▸ **COLLECTED DATA**:
::::

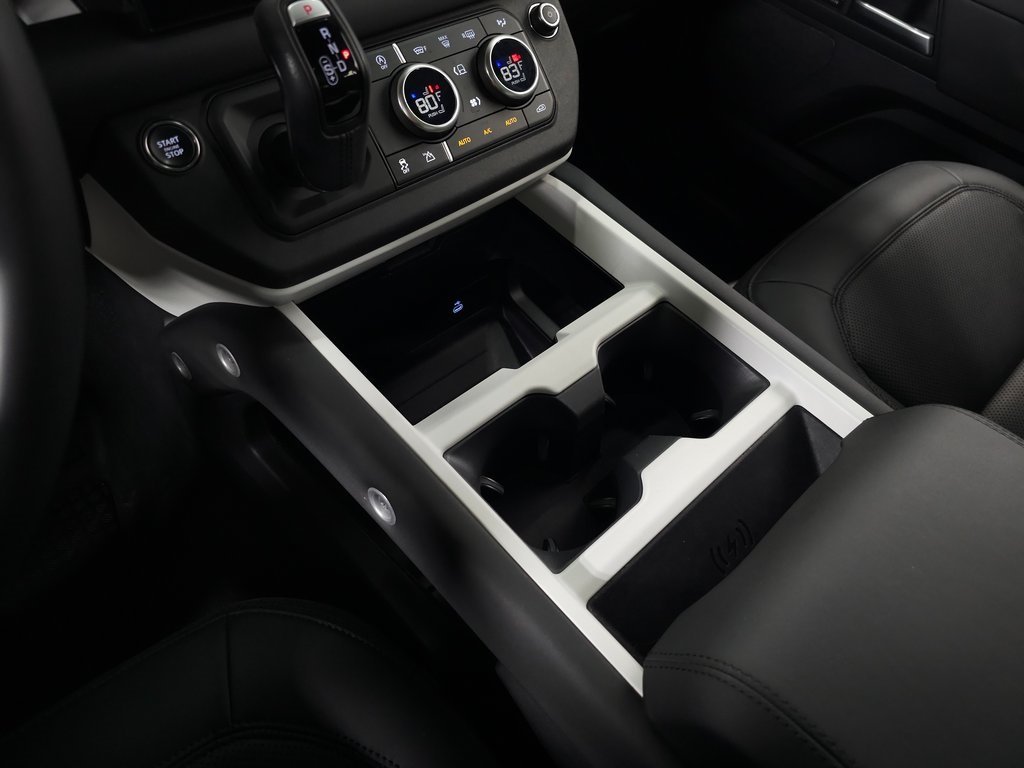 2025 LAND ROVER DEFENDER - Image 33
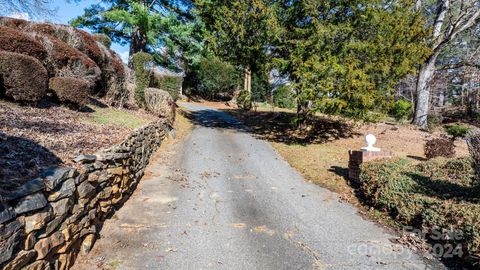 A home in Tryon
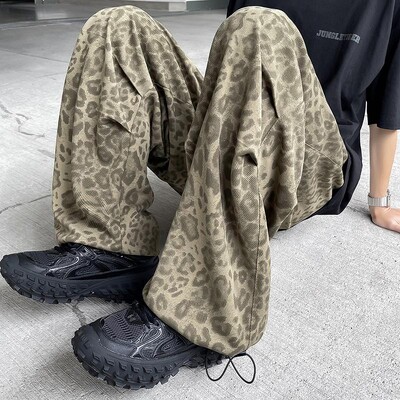 Pantaloni largi pentru bărbați leopard roz Îmbrăcăminte de lucru Pantaloni drepți pentru bărbați Îmbrăcăminte de stradă Pantaloni sport pentru bărbați 3XL 2024 toamna nou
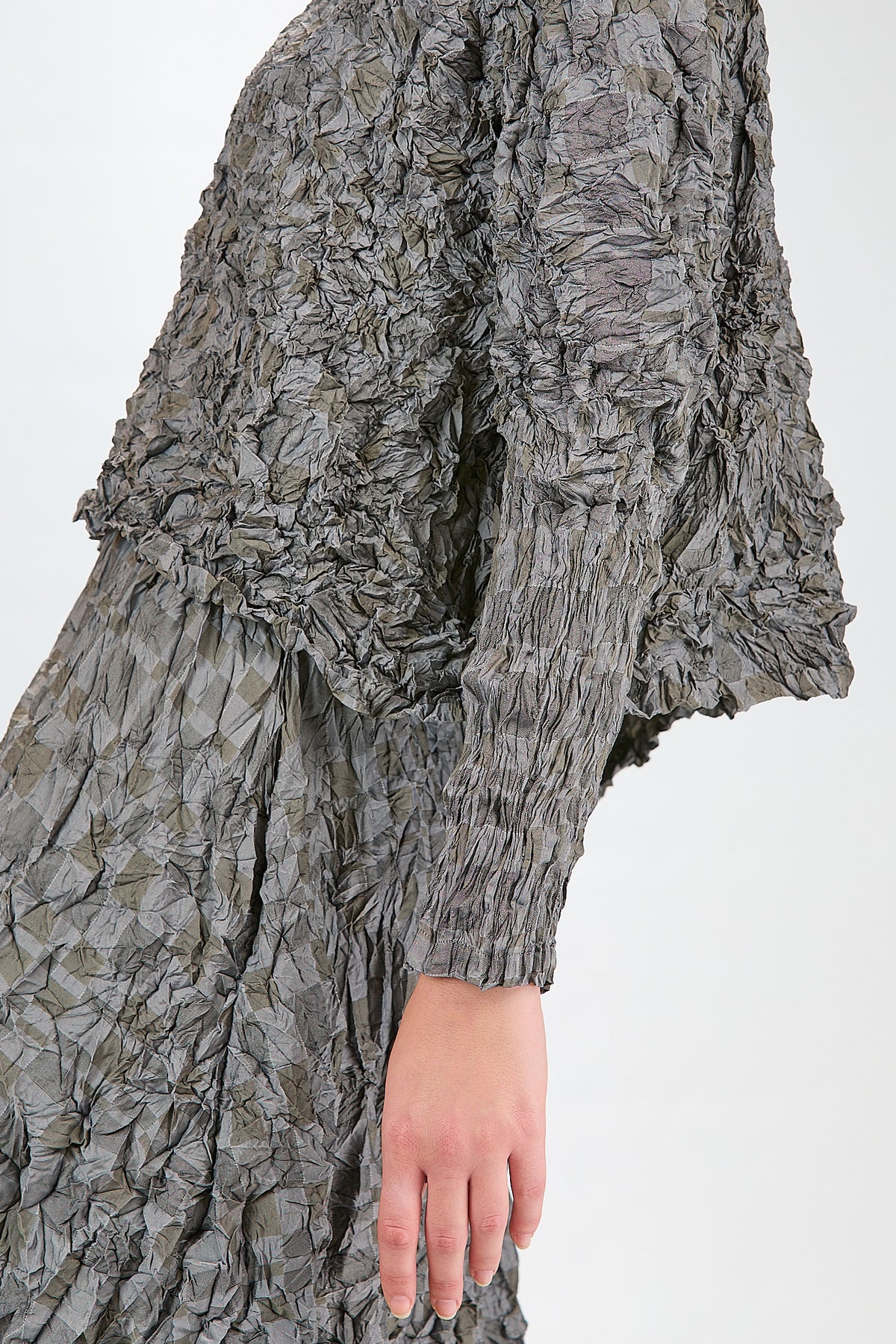 Ivo Milan Radical Fashion - top - SHU MORIYAMA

::::

▸ **TASK TO CARRY OUT**: Copy the listing exactly but drop its images.

▸ **TASK SOLUTION**:
 2025 LAND ROVER DEFENDER - Image 33
 A home in Tryon
 Pantaloni largi pentru bărbați leopard roz Îmbrăcăminte de lucru Pantaloni drepți pentru bărbați Îmbrăcăminte de stradă Pantaloni sport pentru bărbați 3XL 2024 toamna nou
 Ivo Milan Radical Fashion - top - SHU MORIYAMA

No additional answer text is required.